■ What to produce ■
In the entries below, find the line with "Singapore Advanced Materials" and the line with "VID soldiers - Napoleonic"; give again those lines and every line between them, exactly.

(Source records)
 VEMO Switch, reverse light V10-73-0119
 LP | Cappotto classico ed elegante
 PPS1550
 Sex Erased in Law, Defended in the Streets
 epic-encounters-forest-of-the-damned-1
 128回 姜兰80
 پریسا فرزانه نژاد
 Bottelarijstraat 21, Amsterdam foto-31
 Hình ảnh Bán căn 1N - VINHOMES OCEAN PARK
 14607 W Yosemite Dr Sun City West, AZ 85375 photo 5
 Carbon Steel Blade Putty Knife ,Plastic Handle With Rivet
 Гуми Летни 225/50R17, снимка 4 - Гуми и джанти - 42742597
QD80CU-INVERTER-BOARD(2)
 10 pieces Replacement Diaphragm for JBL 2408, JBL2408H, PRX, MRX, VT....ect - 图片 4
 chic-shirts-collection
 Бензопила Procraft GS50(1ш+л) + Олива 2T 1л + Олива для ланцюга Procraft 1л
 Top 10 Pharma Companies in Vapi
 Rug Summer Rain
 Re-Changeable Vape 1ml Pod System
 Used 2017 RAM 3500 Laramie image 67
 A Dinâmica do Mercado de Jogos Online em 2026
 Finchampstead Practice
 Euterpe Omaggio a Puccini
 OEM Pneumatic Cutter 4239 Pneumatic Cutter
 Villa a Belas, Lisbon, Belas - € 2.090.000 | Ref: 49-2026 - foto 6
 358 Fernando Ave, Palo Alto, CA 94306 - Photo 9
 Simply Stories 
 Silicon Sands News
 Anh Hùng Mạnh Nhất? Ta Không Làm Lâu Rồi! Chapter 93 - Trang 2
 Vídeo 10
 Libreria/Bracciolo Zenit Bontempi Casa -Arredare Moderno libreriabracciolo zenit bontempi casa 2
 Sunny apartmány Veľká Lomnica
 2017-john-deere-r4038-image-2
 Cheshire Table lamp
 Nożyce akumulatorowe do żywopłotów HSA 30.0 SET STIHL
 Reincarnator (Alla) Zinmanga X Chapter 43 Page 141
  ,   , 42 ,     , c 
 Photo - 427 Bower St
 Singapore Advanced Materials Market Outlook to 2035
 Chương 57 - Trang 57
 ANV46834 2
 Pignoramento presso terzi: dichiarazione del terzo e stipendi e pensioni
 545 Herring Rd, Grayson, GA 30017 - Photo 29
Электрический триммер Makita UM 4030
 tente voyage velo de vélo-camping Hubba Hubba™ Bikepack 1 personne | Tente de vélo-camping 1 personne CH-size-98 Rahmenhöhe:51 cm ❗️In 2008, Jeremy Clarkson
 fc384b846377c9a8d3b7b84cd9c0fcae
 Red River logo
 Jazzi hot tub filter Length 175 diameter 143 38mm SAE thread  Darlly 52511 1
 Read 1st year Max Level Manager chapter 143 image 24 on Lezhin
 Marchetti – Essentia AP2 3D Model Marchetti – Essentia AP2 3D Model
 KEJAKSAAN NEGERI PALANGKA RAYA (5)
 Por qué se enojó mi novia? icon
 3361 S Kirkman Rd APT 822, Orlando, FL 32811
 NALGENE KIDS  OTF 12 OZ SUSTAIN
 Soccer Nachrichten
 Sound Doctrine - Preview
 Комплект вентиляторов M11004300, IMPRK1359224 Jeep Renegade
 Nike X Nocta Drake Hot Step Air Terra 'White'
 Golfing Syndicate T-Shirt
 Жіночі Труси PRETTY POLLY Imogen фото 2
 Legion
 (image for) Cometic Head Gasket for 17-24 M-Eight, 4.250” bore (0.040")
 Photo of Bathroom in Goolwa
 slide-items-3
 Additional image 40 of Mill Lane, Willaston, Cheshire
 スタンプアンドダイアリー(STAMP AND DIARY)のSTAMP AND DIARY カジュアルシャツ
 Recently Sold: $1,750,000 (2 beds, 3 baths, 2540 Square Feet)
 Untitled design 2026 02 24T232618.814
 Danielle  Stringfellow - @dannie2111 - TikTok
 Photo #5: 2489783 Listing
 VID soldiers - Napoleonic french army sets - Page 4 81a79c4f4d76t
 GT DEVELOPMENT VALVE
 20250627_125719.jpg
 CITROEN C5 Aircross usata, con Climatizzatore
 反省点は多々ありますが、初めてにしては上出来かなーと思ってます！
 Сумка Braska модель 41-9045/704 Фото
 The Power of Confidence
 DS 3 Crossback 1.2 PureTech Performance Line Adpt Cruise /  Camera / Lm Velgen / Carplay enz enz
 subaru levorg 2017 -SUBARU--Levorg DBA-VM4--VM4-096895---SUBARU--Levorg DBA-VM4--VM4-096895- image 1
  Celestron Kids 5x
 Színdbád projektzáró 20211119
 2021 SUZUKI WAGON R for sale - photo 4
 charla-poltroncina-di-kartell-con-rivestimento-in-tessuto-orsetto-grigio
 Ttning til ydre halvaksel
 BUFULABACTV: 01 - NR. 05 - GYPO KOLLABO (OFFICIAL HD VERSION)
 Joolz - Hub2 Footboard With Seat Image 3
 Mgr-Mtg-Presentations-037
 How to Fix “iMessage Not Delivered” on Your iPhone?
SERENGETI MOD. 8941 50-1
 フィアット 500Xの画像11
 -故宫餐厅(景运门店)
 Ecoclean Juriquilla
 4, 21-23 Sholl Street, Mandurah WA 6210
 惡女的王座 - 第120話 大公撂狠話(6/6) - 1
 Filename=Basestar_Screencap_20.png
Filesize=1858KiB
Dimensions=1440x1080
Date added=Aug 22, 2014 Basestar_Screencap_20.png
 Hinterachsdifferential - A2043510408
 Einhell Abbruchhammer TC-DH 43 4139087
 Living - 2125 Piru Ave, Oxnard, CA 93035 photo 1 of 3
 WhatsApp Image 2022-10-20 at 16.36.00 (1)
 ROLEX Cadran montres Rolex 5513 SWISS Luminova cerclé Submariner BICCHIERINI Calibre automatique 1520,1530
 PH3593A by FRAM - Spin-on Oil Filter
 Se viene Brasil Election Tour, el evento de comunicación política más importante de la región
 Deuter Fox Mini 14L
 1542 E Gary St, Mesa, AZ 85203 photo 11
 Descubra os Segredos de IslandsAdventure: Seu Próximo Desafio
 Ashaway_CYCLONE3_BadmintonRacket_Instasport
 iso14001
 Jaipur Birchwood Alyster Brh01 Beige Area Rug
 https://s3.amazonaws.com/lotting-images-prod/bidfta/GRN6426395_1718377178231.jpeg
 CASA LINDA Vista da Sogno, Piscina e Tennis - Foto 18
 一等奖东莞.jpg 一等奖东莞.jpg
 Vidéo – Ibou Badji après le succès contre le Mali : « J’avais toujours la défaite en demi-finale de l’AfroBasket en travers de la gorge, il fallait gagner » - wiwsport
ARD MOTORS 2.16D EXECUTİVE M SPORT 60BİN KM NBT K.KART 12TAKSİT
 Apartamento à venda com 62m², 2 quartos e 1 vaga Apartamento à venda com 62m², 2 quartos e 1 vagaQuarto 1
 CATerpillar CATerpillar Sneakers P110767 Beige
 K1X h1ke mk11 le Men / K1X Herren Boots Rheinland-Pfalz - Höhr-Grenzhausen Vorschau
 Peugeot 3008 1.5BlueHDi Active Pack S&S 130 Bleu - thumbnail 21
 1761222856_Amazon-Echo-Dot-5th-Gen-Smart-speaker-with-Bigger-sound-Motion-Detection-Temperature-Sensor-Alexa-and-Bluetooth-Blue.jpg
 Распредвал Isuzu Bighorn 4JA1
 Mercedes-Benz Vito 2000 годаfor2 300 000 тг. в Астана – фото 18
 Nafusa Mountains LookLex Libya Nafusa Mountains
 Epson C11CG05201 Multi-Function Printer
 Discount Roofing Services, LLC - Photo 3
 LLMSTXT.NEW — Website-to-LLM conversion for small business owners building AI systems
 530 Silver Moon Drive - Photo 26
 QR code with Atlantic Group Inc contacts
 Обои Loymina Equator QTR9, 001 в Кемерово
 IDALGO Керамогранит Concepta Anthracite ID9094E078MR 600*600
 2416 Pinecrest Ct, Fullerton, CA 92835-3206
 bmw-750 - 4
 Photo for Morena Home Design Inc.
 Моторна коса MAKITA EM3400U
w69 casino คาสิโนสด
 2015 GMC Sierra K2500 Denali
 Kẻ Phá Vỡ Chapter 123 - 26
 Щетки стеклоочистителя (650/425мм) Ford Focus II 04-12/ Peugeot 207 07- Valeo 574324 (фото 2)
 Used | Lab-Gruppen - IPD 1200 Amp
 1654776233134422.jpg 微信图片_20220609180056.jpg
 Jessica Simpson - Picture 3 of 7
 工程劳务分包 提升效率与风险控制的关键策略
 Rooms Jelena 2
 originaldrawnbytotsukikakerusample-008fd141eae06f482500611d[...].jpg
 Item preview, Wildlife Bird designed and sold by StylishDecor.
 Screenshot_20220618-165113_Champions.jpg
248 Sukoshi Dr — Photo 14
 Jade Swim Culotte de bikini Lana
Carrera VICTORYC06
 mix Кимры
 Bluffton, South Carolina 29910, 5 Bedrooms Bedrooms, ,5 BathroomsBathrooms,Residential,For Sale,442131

■ Answer to this problem ■
 Singapore Advanced Materials Market Outlook to 2035
 Chương 57 - Trang 57
 ANV46834 2
 Pignoramento presso terzi: dichiarazione del terzo e stipendi e pensioni
 545 Herring Rd, Grayson, GA 30017 - Photo 29
Электрический триммер Makita UM 4030
 tente voyage velo de vélo-camping Hubba Hubba™ Bikepack 1 personne | Tente de vélo-camping 1 personne CH-size-98 Rahmenhöhe:51 cm ❗️In 2008, Jeremy Clarkson
 fc384b846377c9a8d3b7b84cd9c0fcae
 Red River logo
 Jazzi hot tub filter Length 175 diameter 143 38mm SAE thread  Darlly 52511 1
 Read 1st year Max Level Manager chapter 143 image 24 on Lezhin
 Marchetti – Essentia AP2 3D Model Marchetti – Essentia AP2 3D Model
 KEJAKSAAN NEGERI PALANGKA RAYA (5)
 Por qué se enojó mi novia? icon
 3361 S Kirkman Rd APT 822, Orlando, FL 32811
 NALGENE KIDS  OTF 12 OZ SUSTAIN
 Soccer Nachrichten
 Sound Doctrine - Preview
 Комплект вентиляторов M11004300, IMPRK1359224 Jeep Renegade
 Nike X Nocta Drake Hot Step Air Terra 'White'
 Golfing Syndicate T-Shirt
 Жіночі Труси PRETTY POLLY Imogen фото 2
 Legion
 (image for) Cometic Head Gasket for 17-24 M-Eight, 4.250” bore (0.040")
 Photo of Bathroom in Goolwa
 slide-items-3
 Additional image 40 of Mill Lane, Willaston, Cheshire
 スタンプアンドダイアリー(STAMP AND DIARY)のSTAMP AND DIARY カジュアルシャツ
 Recently Sold: $1,750,000 (2 beds, 3 baths, 2540 Square Feet)
 Untitled design 2026 02 24T232618.814
 Danielle  Stringfellow - @dannie2111 - TikTok
 Photo #5: 2489783 Listing
 VID soldiers - Napoleonic french army sets - Page 4 81a79c4f4d76t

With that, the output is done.